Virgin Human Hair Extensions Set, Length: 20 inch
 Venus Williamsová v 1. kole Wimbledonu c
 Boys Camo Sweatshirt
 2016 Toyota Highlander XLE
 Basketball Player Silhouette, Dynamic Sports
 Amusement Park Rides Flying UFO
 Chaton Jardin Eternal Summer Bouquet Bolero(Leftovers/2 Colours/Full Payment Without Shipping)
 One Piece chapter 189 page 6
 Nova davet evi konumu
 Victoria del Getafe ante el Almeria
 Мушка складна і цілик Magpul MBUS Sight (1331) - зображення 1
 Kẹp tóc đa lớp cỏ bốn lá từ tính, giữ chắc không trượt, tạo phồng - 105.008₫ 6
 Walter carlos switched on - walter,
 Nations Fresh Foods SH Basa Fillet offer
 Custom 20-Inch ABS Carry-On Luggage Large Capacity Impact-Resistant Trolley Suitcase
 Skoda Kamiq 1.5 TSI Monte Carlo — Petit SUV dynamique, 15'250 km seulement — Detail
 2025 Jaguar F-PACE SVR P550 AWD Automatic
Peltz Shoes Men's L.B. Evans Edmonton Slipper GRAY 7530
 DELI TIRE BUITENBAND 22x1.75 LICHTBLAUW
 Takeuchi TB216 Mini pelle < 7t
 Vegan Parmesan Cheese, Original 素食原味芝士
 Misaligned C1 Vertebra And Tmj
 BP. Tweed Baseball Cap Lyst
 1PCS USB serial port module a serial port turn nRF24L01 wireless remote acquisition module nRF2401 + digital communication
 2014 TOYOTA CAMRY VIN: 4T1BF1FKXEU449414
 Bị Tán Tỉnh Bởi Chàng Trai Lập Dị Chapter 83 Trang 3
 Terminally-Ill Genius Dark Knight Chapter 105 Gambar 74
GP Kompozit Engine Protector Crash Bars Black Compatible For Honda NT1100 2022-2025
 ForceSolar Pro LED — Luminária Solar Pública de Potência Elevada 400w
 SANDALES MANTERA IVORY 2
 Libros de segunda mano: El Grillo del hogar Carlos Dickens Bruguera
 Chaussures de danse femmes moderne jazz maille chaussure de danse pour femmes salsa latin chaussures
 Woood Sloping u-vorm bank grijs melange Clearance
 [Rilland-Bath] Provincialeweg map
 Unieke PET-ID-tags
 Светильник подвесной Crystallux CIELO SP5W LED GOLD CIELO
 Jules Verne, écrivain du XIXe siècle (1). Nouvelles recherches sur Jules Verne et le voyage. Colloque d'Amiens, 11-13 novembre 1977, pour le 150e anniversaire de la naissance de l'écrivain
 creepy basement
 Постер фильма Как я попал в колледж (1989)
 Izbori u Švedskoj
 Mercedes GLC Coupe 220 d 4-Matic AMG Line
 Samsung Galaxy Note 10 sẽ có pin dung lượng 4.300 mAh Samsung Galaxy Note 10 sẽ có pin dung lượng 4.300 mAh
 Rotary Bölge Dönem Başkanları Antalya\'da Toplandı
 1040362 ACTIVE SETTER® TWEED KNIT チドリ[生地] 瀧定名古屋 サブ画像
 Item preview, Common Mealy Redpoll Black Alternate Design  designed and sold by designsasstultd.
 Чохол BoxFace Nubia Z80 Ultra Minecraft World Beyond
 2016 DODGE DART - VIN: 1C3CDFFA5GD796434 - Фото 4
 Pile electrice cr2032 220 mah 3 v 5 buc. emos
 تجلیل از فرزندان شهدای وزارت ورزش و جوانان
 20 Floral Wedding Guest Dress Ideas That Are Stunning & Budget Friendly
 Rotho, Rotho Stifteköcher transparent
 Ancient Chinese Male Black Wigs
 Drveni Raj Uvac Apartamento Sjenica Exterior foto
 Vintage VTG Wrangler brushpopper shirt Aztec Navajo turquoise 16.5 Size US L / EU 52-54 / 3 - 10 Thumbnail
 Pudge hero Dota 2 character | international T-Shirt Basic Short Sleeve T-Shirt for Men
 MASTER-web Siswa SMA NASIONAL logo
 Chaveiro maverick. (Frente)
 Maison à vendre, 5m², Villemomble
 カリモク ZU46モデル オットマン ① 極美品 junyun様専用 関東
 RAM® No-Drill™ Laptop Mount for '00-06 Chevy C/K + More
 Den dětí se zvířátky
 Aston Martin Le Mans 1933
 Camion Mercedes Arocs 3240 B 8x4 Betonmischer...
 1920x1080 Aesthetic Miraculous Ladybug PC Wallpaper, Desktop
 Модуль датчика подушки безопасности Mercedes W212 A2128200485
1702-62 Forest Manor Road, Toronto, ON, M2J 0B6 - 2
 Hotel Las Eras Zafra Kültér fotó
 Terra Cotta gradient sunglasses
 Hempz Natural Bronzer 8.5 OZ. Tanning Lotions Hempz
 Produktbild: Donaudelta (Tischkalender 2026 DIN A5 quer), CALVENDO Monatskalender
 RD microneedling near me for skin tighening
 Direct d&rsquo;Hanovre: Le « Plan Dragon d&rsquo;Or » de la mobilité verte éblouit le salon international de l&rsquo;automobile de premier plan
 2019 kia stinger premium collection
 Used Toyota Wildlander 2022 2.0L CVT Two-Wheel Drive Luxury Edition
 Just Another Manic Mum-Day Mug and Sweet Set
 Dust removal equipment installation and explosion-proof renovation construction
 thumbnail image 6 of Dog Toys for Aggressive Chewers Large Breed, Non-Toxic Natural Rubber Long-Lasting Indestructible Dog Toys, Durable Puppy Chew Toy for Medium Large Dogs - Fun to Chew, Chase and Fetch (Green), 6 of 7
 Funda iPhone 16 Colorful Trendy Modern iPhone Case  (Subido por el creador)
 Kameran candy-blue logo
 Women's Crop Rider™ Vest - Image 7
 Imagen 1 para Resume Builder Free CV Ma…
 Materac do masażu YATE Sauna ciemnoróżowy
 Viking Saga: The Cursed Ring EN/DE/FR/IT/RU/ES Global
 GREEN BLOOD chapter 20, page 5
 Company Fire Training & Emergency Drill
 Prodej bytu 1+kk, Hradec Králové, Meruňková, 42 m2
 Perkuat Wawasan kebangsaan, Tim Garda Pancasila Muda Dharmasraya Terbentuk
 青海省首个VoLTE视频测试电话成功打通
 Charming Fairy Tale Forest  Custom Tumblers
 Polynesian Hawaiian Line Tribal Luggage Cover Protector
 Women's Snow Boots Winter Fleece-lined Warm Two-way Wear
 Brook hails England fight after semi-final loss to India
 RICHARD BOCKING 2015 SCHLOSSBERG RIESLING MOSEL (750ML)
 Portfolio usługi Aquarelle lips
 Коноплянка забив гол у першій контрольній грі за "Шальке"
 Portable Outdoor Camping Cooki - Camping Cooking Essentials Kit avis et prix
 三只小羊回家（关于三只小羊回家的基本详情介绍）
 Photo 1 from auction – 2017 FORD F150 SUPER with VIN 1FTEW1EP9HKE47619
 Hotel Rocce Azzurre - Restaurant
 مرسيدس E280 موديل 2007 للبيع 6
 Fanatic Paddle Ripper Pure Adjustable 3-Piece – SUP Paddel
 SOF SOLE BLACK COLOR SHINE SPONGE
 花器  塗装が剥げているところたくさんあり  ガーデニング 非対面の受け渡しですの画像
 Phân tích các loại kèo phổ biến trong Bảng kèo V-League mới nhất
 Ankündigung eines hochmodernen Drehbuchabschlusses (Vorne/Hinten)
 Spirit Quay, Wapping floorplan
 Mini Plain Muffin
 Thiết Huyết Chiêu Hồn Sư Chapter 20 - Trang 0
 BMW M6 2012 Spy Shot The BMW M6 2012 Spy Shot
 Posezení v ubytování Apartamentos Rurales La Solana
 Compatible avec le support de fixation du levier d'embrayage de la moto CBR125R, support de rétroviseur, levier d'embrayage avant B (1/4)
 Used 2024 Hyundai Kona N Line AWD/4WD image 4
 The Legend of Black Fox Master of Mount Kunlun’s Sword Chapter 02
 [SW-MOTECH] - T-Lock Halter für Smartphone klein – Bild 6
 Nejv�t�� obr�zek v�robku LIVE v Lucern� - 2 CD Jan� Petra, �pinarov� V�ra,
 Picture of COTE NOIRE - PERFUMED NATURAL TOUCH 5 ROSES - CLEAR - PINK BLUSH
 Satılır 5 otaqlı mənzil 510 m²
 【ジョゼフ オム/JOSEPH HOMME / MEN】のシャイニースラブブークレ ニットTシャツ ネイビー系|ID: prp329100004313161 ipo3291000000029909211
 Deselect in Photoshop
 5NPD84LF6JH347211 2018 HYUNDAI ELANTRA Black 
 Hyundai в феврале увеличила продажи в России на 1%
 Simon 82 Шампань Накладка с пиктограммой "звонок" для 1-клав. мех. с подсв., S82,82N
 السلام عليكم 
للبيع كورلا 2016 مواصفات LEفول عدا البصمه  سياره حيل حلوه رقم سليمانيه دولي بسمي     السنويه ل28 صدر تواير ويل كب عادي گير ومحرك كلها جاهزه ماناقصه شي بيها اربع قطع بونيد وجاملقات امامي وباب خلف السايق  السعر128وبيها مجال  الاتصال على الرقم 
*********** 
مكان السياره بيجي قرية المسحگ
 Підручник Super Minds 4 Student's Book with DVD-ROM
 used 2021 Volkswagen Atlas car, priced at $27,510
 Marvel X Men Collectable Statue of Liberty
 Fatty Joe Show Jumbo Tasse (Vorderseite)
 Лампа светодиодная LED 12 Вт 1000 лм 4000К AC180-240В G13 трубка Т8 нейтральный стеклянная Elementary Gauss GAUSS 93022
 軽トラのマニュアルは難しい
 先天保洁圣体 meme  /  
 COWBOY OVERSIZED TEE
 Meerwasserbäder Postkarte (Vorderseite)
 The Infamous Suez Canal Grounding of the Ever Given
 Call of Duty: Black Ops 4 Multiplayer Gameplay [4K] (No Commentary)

-*-

▶ Your instructions
In the records above, the line with "Funda iPhone 16" marks the start and the line with "Thiết Huyết Chiêu" marks the end; copy that stretch exactly, both lines included, and nothing else.

▶ Solution below
 Funda iPhone 16 Colorful Trendy Modern iPhone Case  (Subido por el creador)
 Kameran candy-blue logo
 Women's Crop Rider™ Vest - Image 7
 Imagen 1 para Resume Builder Free CV Ma…
 Materac do masażu YATE Sauna ciemnoróżowy
 Viking Saga: The Cursed Ring EN/DE/FR/IT/RU/ES Global
 GREEN BLOOD chapter 20, page 5
 Company Fire Training & Emergency Drill
 Prodej bytu 1+kk, Hradec Králové, Meruňková, 42 m2
 Perkuat Wawasan kebangsaan, Tim Garda Pancasila Muda Dharmasraya Terbentuk
 青海省首个VoLTE视频测试电话成功打通
 Charming Fairy Tale Forest  Custom Tumblers
 Polynesian Hawaiian Line Tribal Luggage Cover Protector
 Women's Snow Boots Winter Fleece-lined Warm Two-way Wear
 Brook hails England fight after semi-final loss to India
 RICHARD BOCKING 2015 SCHLOSSBERG RIESLING MOSEL (750ML)
 Portfolio usługi Aquarelle lips
 Коноплянка забив гол у першій контрольній грі за "Шальке"
 Portable Outdoor Camping Cooki - Camping Cooking Essentials Kit avis et prix
 三只小羊回家（关于三只小羊回家的基本详情介绍）
 Photo 1 from auction – 2017 FORD F150 SUPER with VIN 1FTEW1EP9HKE47619
 Hotel Rocce Azzurre - Restaurant
 مرسيدس E280 موديل 2007 للبيع 6
 Fanatic Paddle Ripper Pure Adjustable 3-Piece – SUP Paddel
 SOF SOLE BLACK COLOR SHINE SPONGE
 花器  塗装が剥げているところたくさんあり  ガーデニング 非対面の受け渡しですの画像
 Phân tích các loại kèo phổ biến trong Bảng kèo V-League mới nhất
 Ankündigung eines hochmodernen Drehbuchabschlusses (Vorne/Hinten)
 Spirit Quay, Wapping floorplan
 Mini Plain Muffin
 Thiết Huyết Chiêu Hồn Sư Chapter 20 - Trang 0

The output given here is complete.